──────── Given information

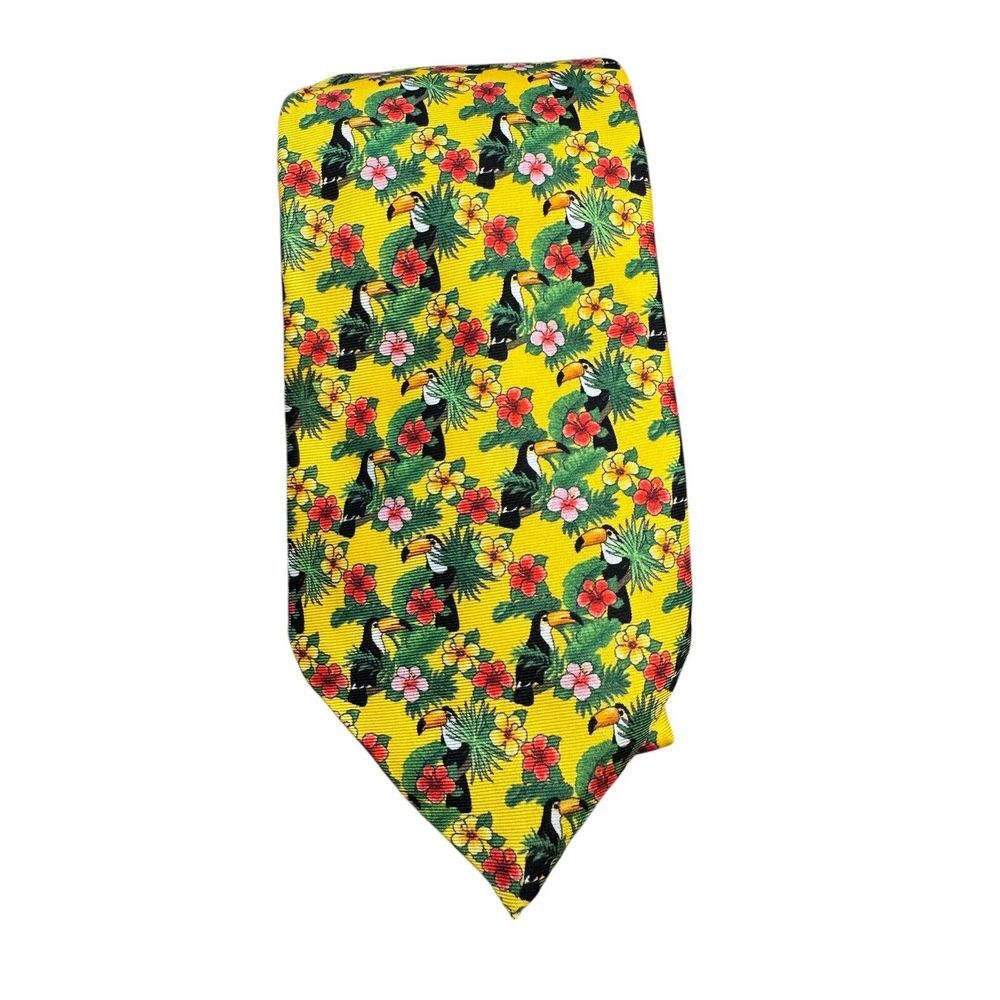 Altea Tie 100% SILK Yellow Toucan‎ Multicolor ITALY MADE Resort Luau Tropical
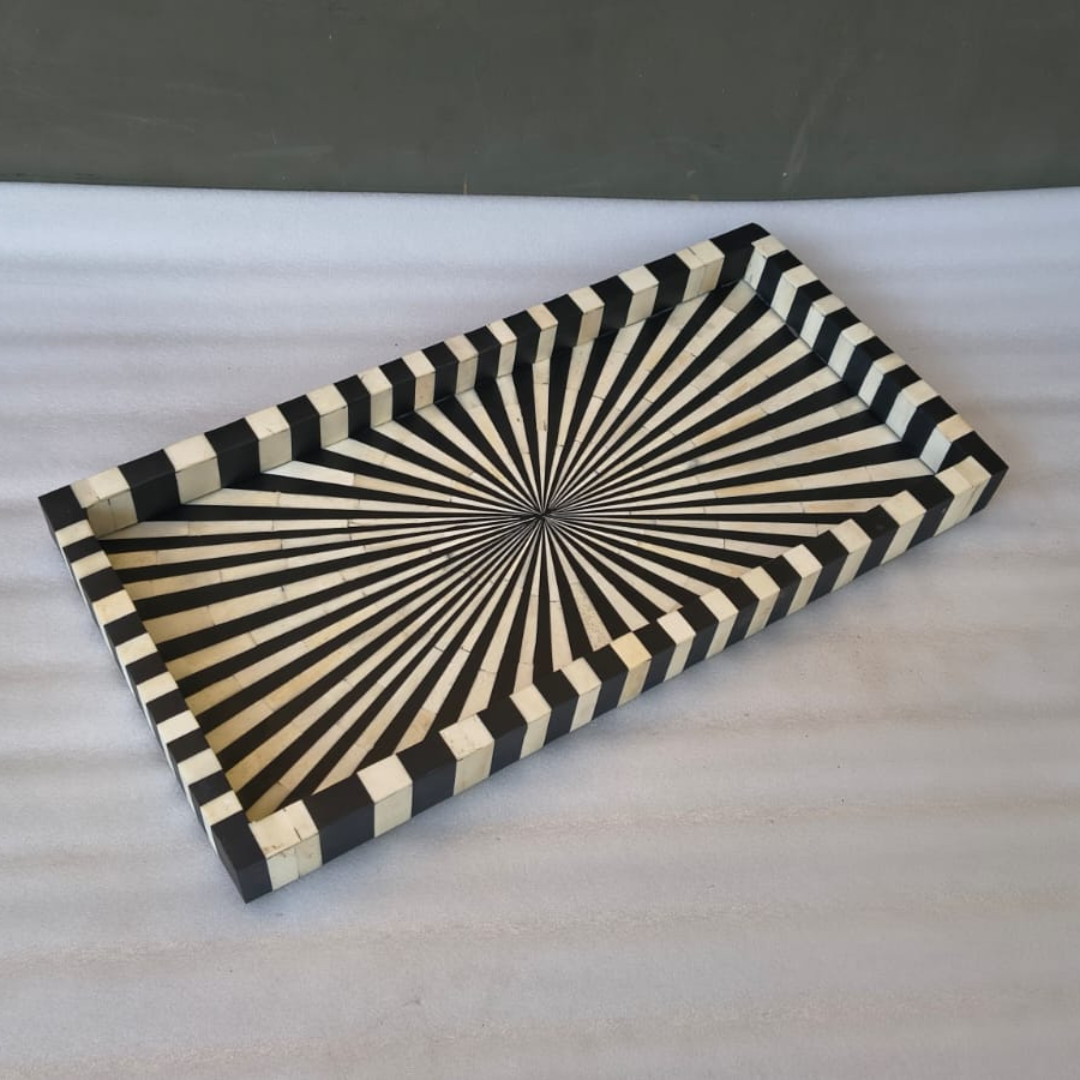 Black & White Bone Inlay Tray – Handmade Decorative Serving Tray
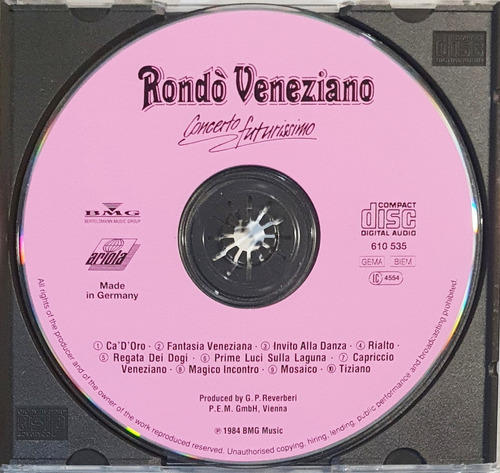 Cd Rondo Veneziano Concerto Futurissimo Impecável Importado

────────────────
──────── Given information

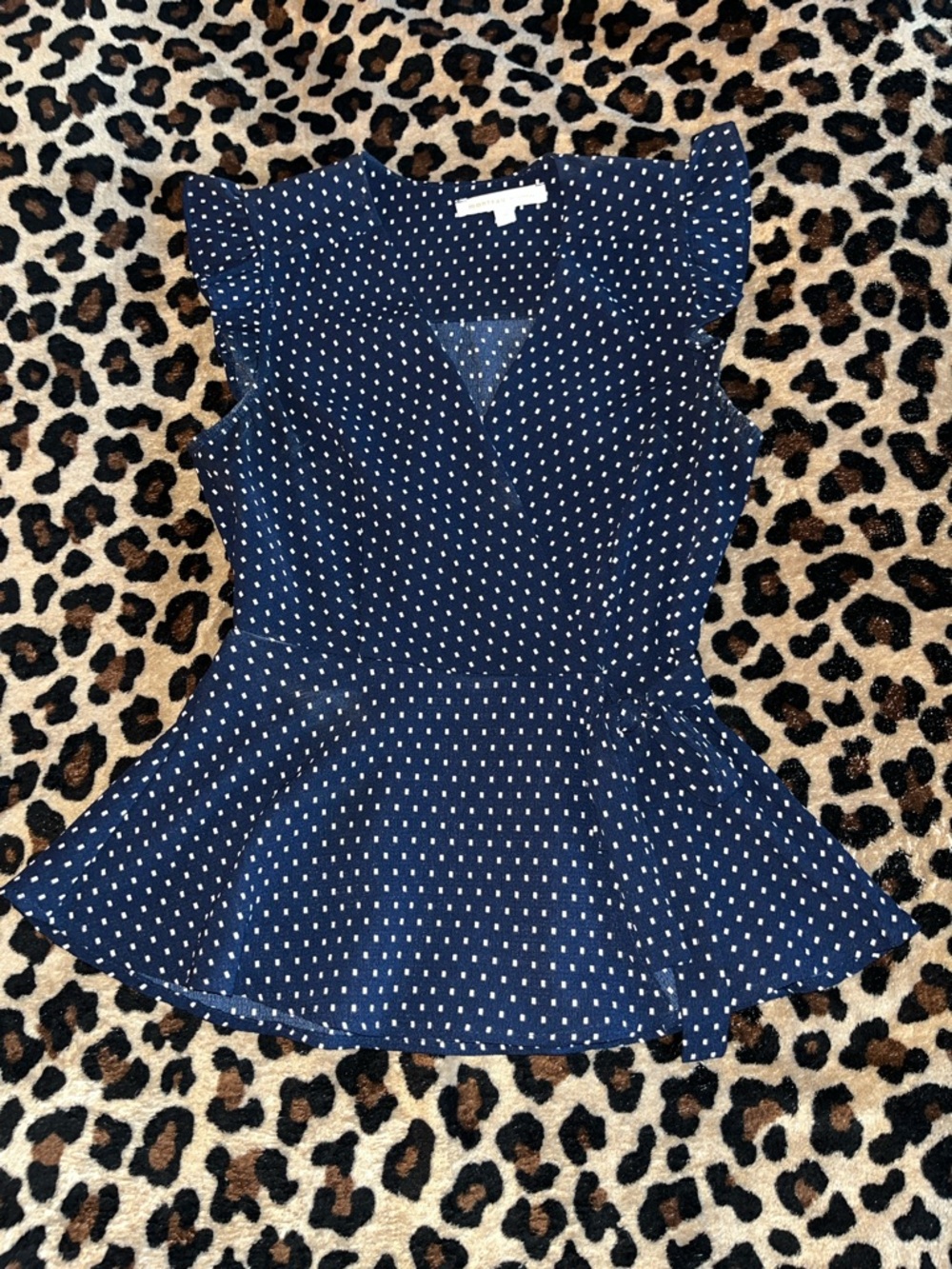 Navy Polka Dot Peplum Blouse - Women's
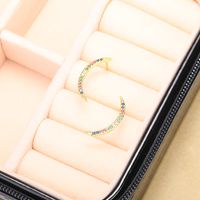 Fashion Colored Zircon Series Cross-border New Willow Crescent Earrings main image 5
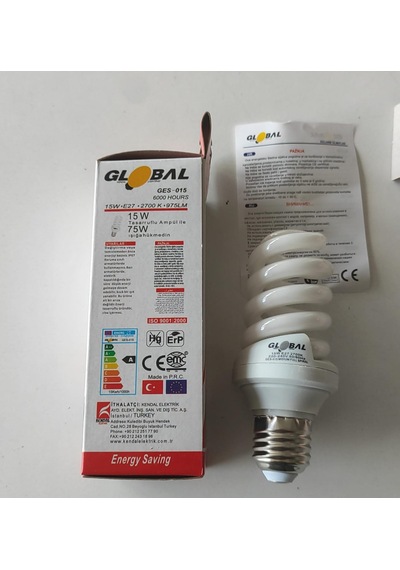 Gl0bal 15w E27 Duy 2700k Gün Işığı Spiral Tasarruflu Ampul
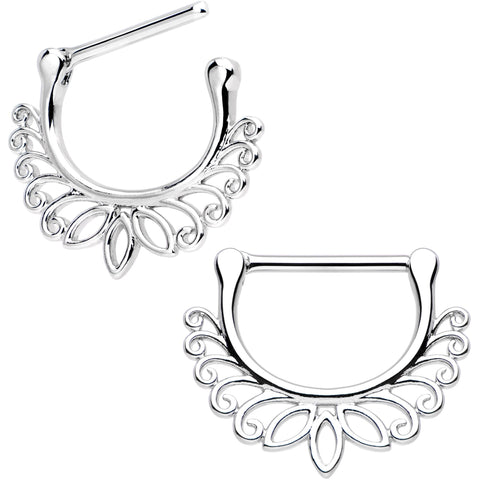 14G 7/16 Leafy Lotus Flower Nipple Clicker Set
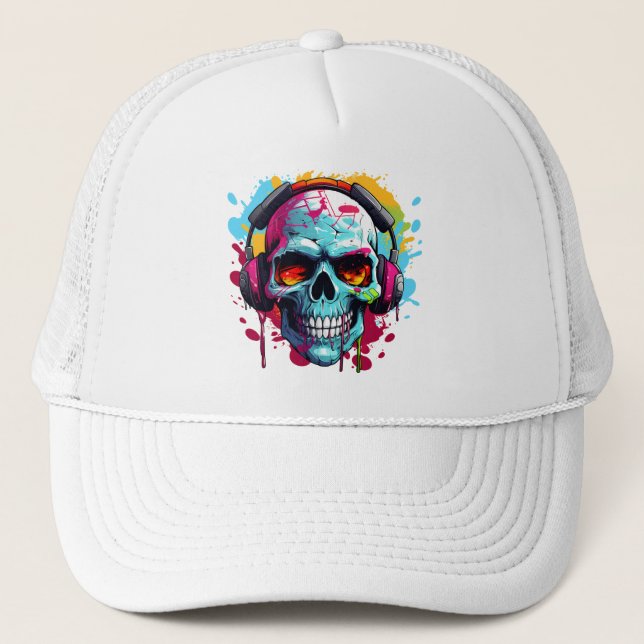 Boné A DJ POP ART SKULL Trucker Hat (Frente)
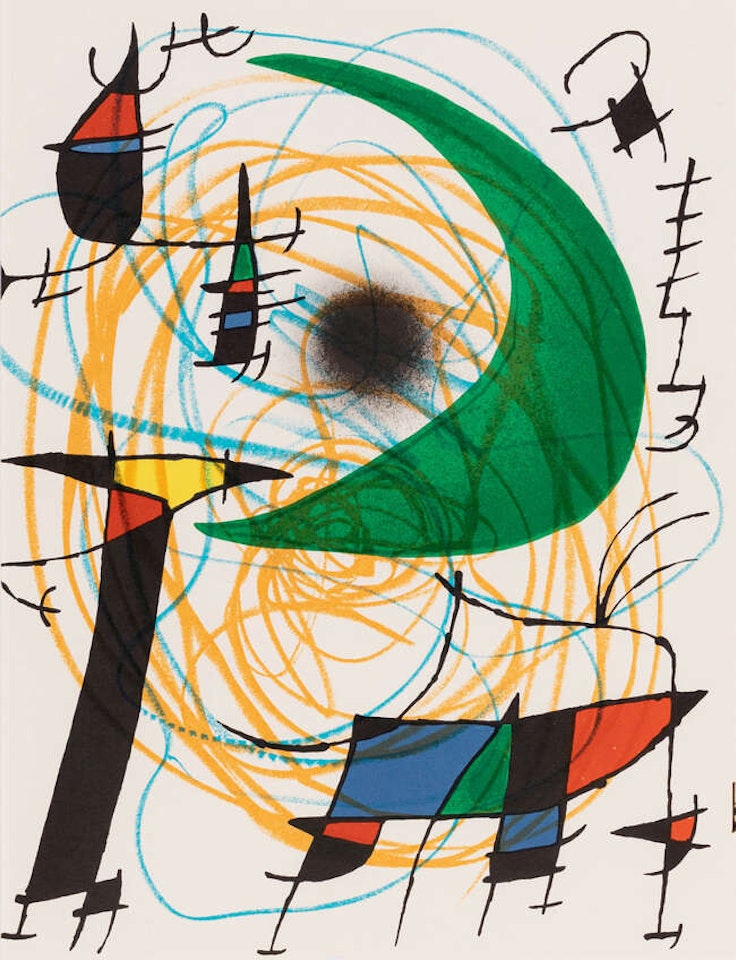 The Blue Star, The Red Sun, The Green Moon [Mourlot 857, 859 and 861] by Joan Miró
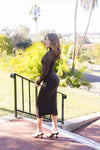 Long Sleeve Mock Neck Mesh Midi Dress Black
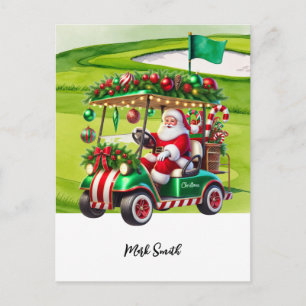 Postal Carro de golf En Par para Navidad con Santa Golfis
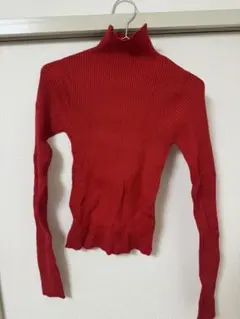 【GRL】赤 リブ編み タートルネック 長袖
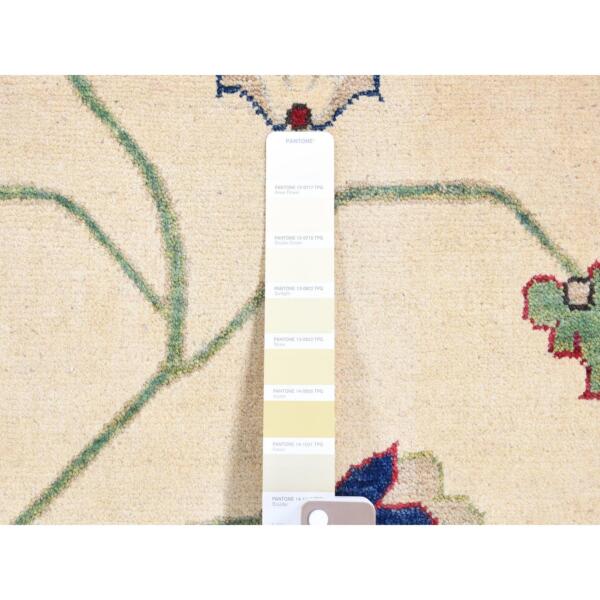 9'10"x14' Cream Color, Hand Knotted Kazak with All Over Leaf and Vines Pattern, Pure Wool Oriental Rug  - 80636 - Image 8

────────────────
──────── Given information

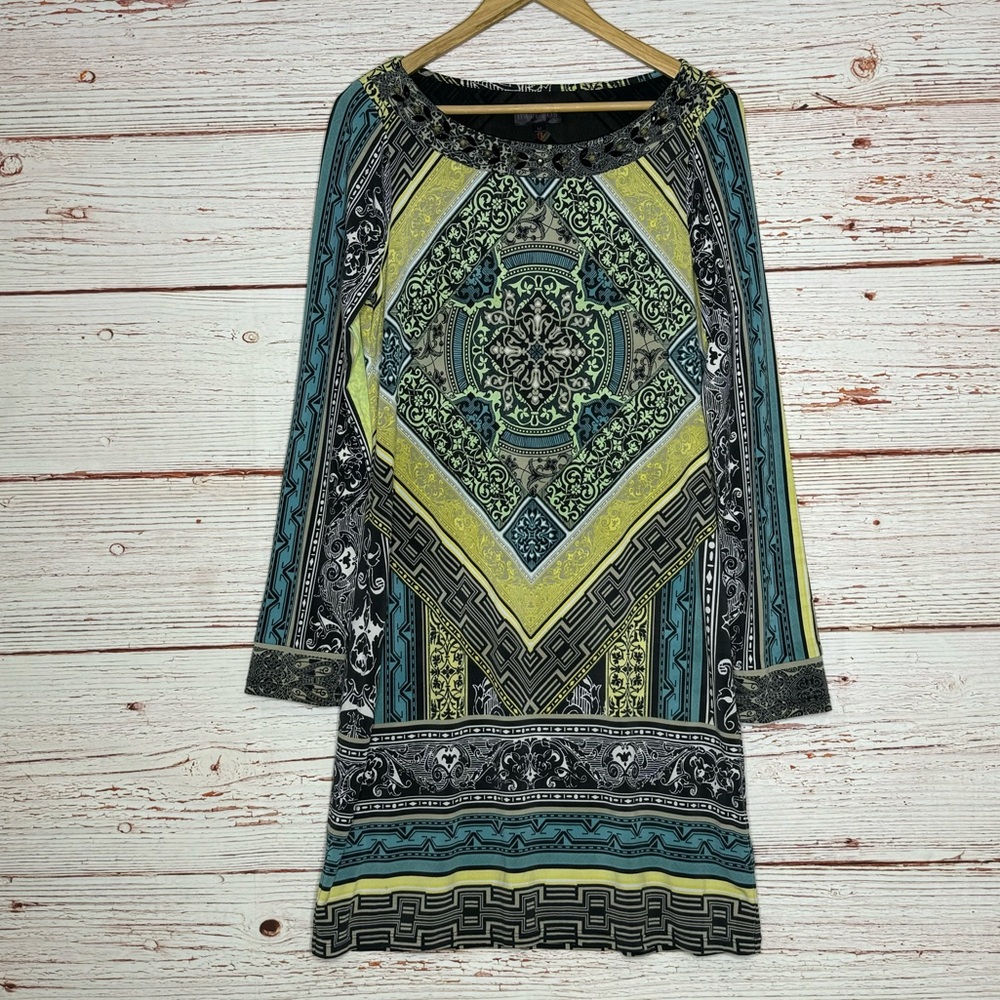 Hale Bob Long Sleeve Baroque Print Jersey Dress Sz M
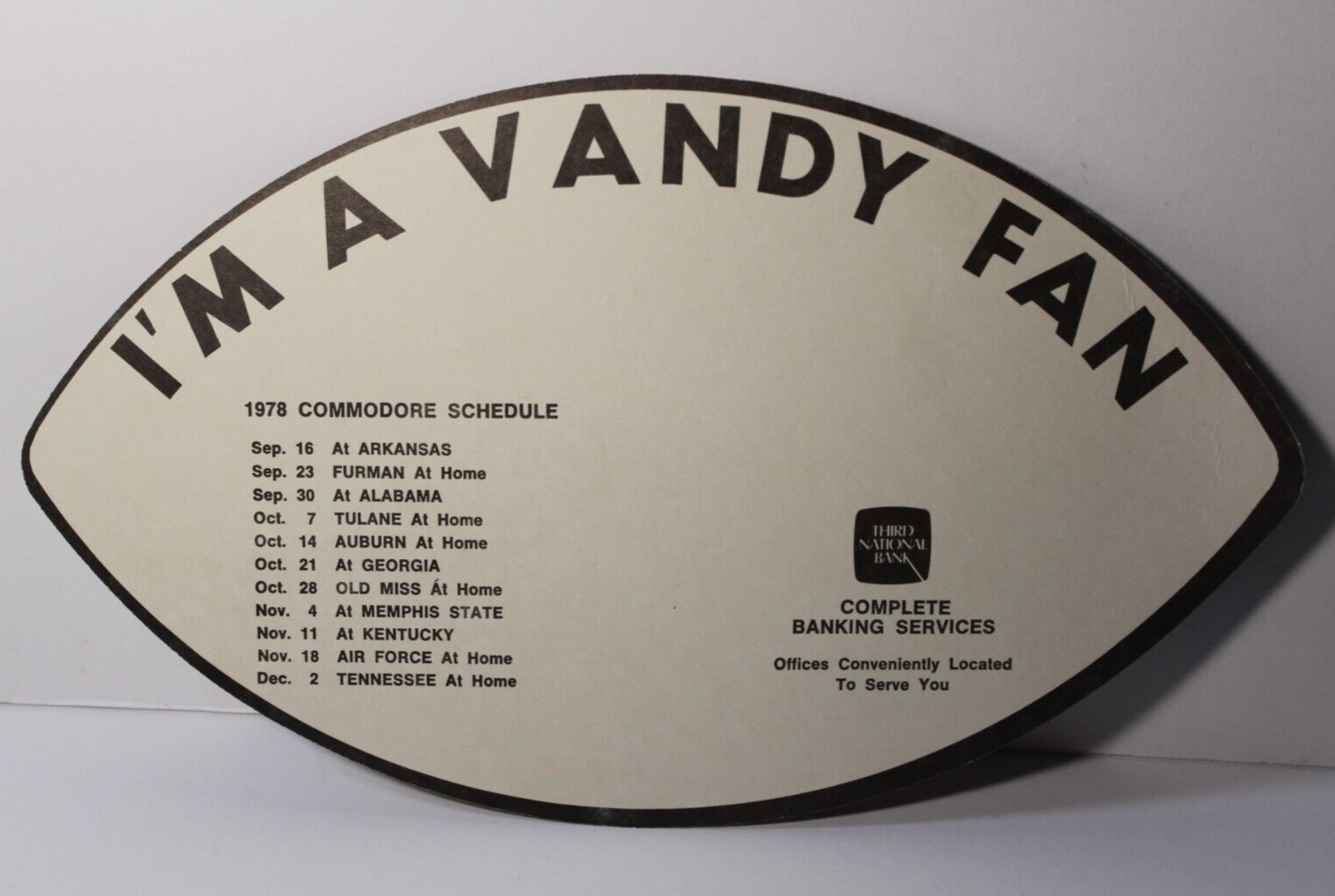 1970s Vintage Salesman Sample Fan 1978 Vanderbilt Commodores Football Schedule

────────────────

__Problem details__. Your reply is to be an exact repeat of the listing above from the line holding "Long Sleeve Mock Neck Mesh Midi Dress Black" down to the line holding "80636 - Image 8", ends included, pictures excluded.

__Finished exercise__.
 Long Sleeve Mock Neck Mesh Midi Dress Black
 Postal Carro de golf En Par para Navidad con Santa Golfis
 【GRL】赤 リブ編み タートルネック 長袖
 9'10"x14' Cream Color, Hand Knotted Kazak with All Over Leaf and Vines Pattern, Pure Wool Oriental Rug  - 80636 - Image 8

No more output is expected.